All lines below between the line with "Upgrade - Mustang Alpha to Aurora LX" and the line with "Aura High-Neck Bomber", including both, must be copied exactly, and the pictures must be omitted.

* Data for review

=======

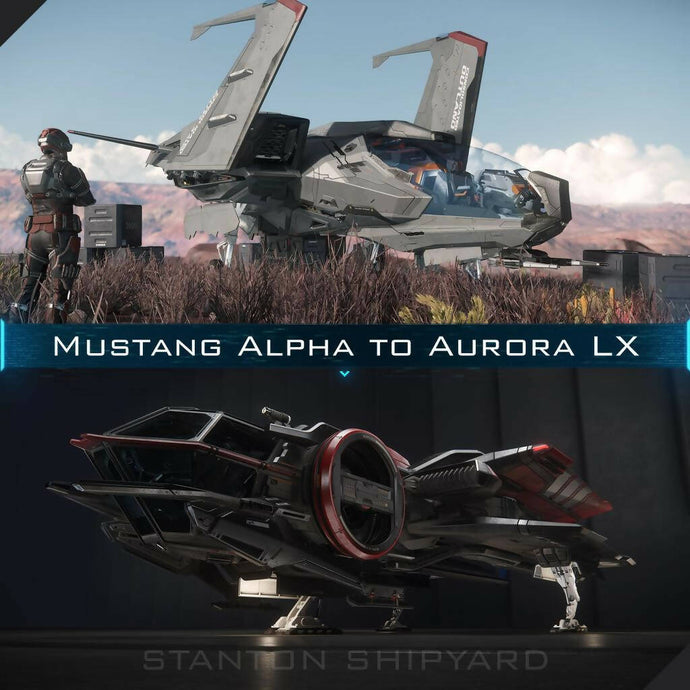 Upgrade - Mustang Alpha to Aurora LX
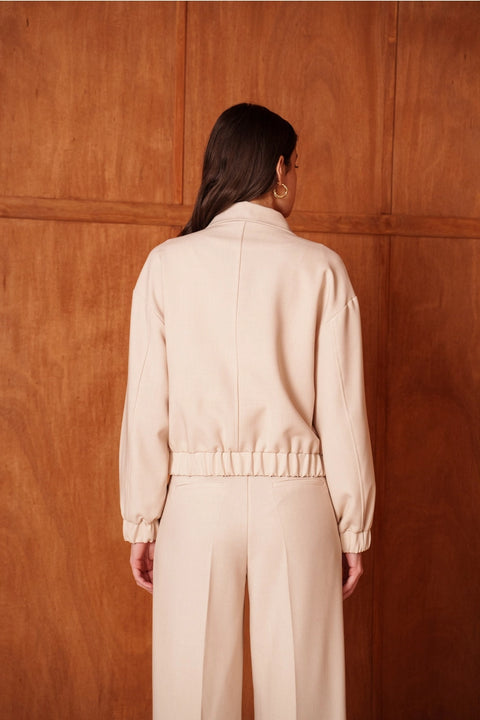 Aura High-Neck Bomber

=======

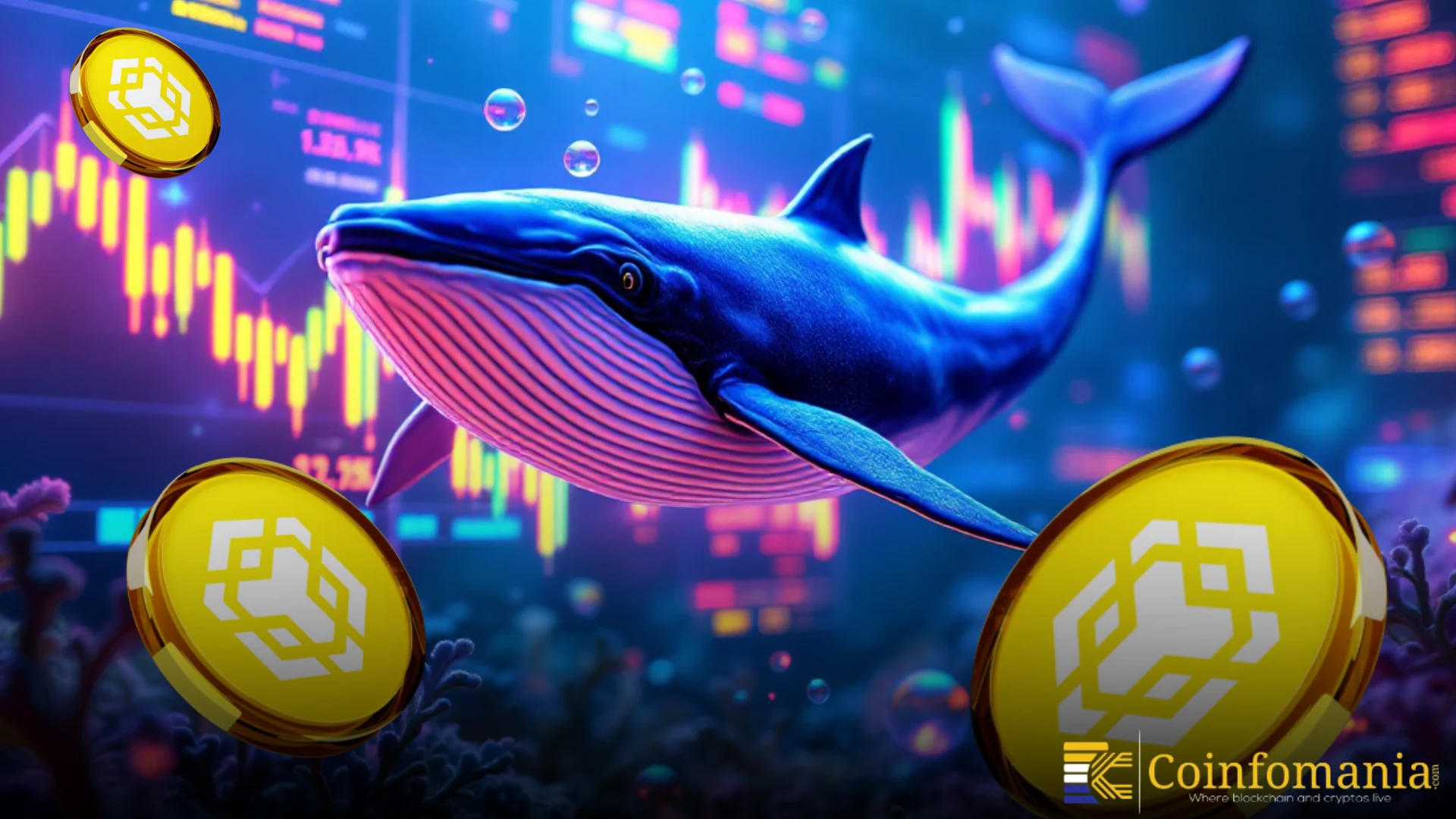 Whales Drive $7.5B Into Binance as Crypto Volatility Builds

=======

* Written reply
 Upgrade - Mustang Alpha to Aurora LX
 Aura High-Neck Bomber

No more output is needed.